#### PROBLEM DETAILS:
After locating the line with "A clear tube", reproduce that line and every one following it exactly, up to the end of the entries.

#### EXERCISE INPUTS:
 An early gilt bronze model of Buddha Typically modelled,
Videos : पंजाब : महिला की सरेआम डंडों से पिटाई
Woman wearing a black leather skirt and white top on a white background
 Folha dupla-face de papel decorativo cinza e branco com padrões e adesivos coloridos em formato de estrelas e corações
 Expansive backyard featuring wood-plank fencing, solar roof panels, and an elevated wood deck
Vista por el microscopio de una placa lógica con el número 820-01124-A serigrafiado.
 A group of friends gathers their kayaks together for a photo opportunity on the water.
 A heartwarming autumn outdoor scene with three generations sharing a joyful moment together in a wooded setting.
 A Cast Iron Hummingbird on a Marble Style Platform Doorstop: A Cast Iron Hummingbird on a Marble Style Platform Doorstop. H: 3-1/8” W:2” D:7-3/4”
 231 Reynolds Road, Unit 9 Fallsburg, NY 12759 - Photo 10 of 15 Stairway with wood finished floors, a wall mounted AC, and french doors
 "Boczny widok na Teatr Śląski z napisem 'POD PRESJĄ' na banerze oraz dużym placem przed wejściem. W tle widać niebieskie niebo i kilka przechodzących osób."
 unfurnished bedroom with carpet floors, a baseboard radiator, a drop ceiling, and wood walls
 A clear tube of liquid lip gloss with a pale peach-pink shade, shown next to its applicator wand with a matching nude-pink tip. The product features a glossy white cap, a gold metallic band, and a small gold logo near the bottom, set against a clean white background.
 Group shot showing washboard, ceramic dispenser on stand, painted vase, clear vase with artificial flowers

#### TASK RESULT:
 A clear tube of liquid lip gloss with a pale peach-pink shade, shown next to its applicator wand with a matching nude-pink tip. The product features a glossy white cap, a gold metallic band, and a small gold logo near the bottom, set against a clean white background.
 Group shot showing washboard, ceramic dispenser on stand, painted vase, clear vase with artificial flowers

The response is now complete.